• [REQUIRED ACTION]: Below are records to repeat exactly; copy them without the pictures.

• [SUPPLIED DATA]:
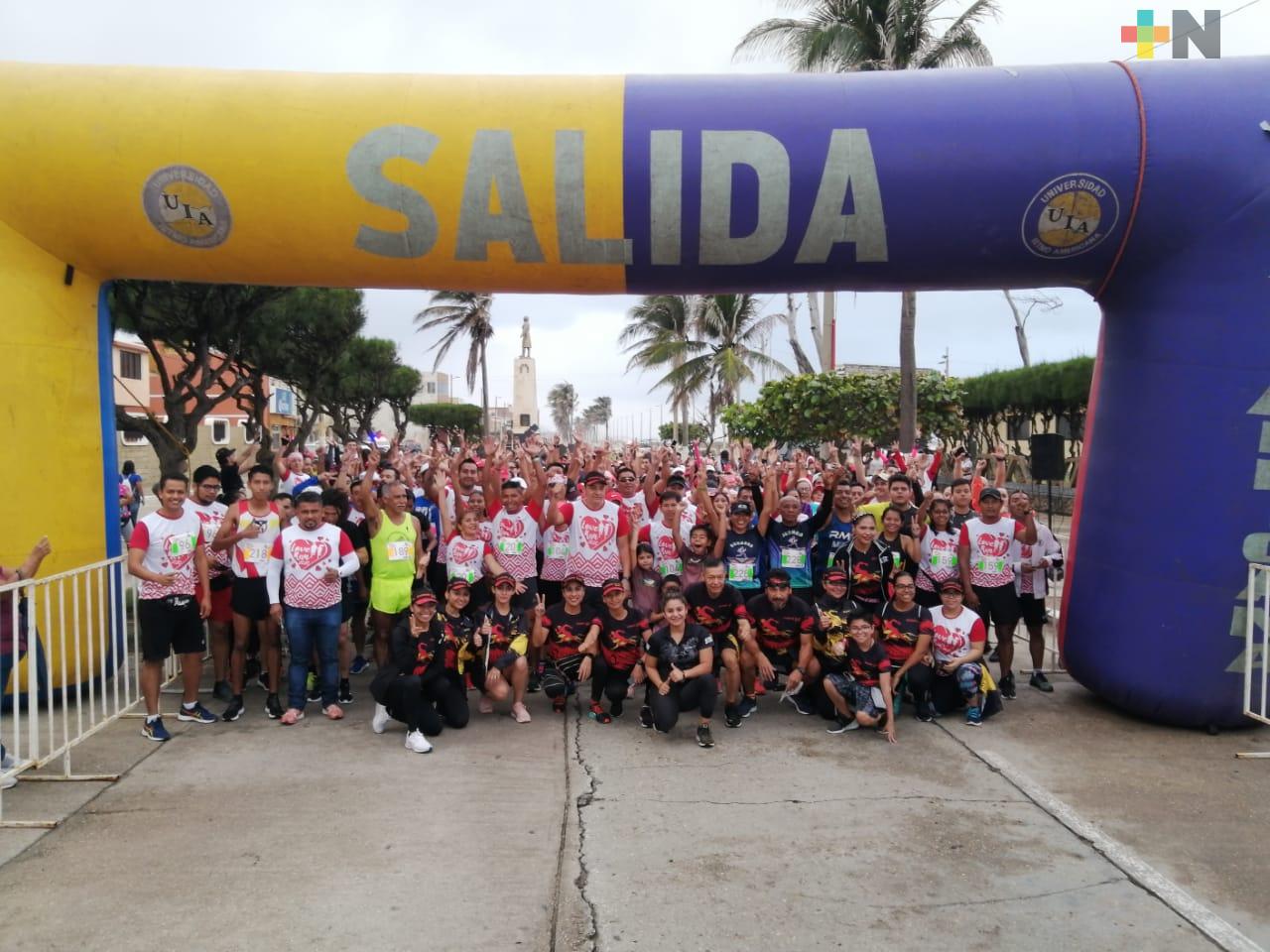 Celebraron carrera de parejas Love Run 5K Coatzacoalcos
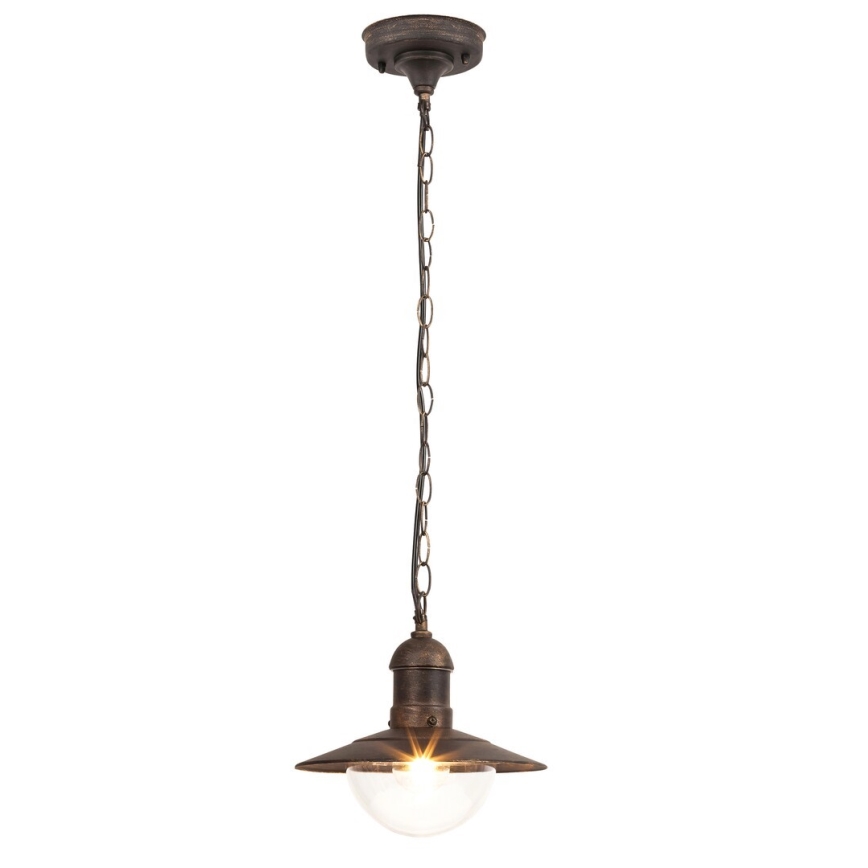 Brilagi - Candeeiro pendente de exterior MOLDE 1xE27/60W IP44 bronze/pátina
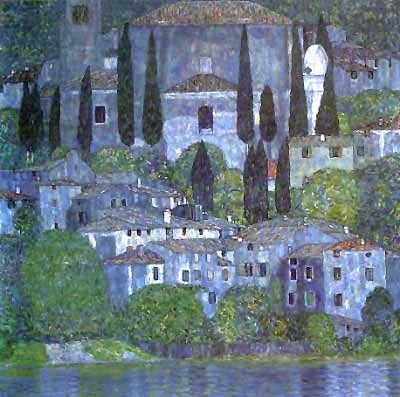 Kirche i Cassone av Gustav Klimt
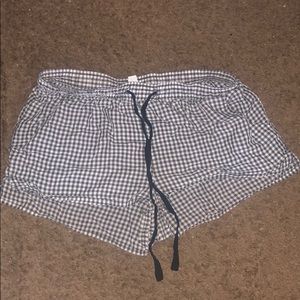 Pajama shorts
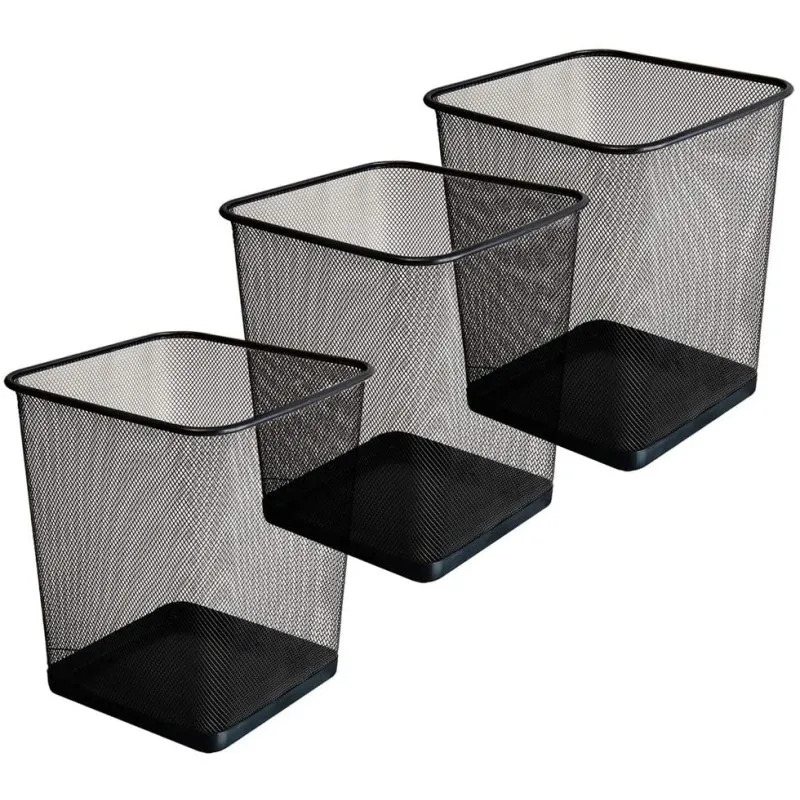 Фабрика Китая низкая цена 3 упаковки 6 галлонов квадратные сетчатые корзины для мусора мусорные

• [ANSWER BOX]:
 Celebraron carrera de parejas Love Run 5K Coatzacoalcos
 Brilagi - Candeeiro pendente de exterior MOLDE 1xE27/60W IP44 bronze/pátina
 Kirche i Cassone av Gustav Klimt
 Pajama shorts
 Фабрика Китая низкая цена 3 упаковки 6 галлонов квадратные сетчатые корзины для мусора мусорные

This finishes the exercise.